╭─ SUPPLIED DATA

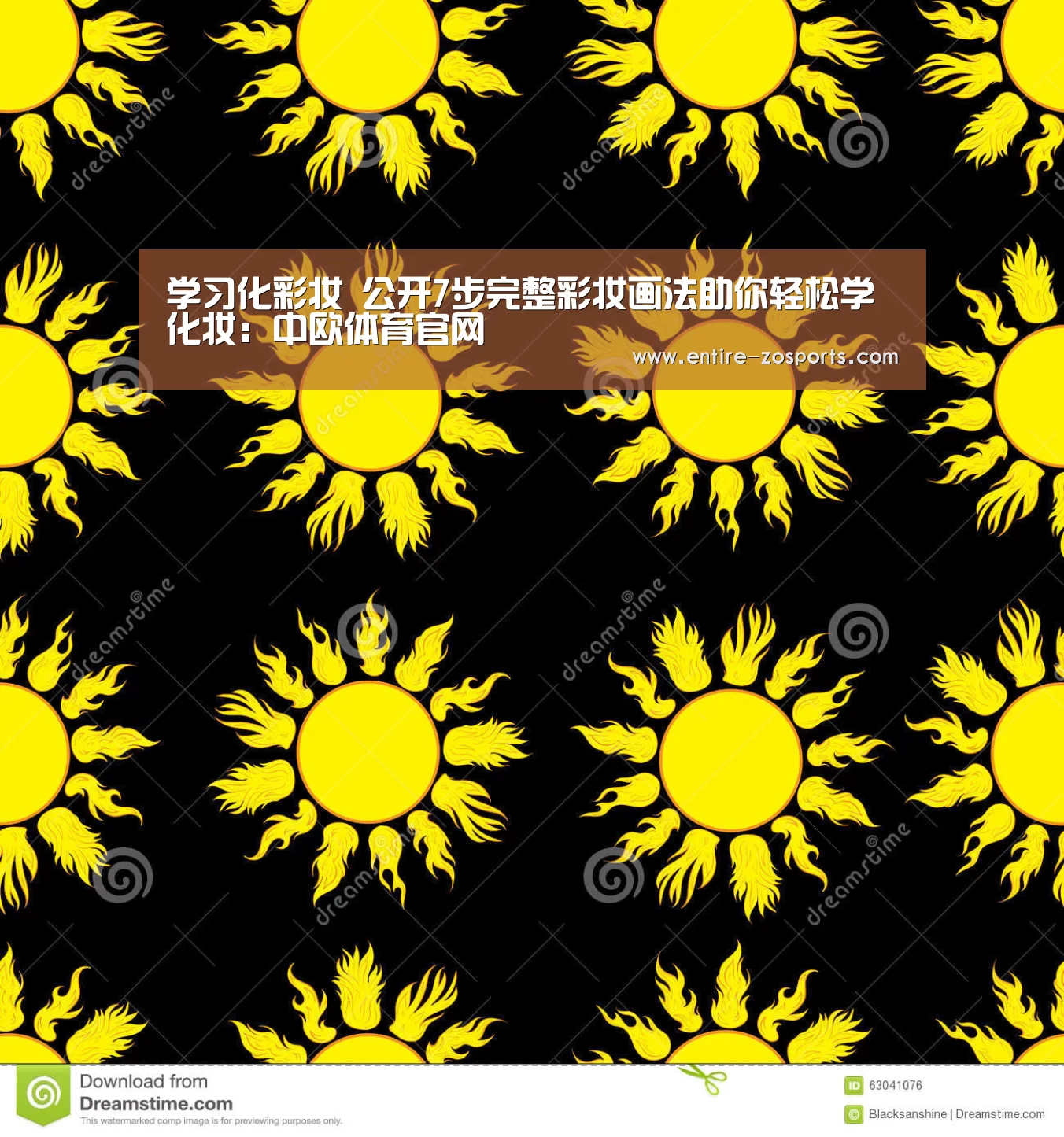 学习化彩妆 公开7步完整彩妆画法助你轻松学化妆:中欧体育官网(图4) 中欧体育平台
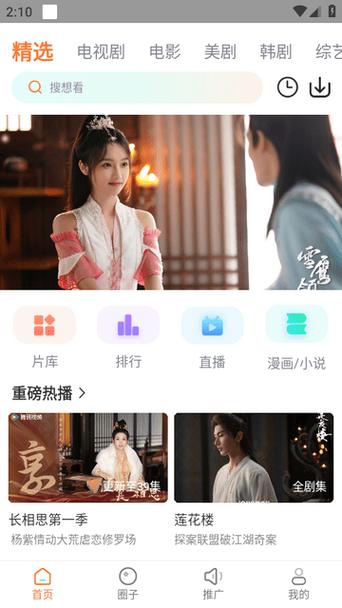 王牌影视官方版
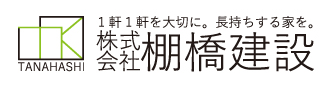 株式会社棚橋建設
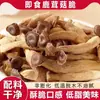 Cogumelos de Chifre de Veado Crocantes Prontos para Comer com Sabor de Sal e Pimenta, Sabor Trufa Negra, Ingredientes Limpos, Crocantes e Satisfatórios, Chips de Frutas e Vegetais, Snacks de Vegetais Secos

╰─

> WHAT NEEDS TO BE DONE: Reproduce the listing word for word and omit its pictures.

> ANSWER TO THIS TASK:
 学习化彩妆 公开7步完整彩妆画法助你轻松学化妆:中欧体育官网(图4) 中欧体育平台
 王牌影视官方版
 株式会社棚橋建設
 Cogumelos de Chifre de Veado Crocantes Prontos para Comer com Sabor de Sal e Pimenta, Sabor Trufa Negra, Ingredientes Limpos, Crocantes e Satisfatórios, Chips de Frutas e Vegetais, Snacks de Vegetais Secos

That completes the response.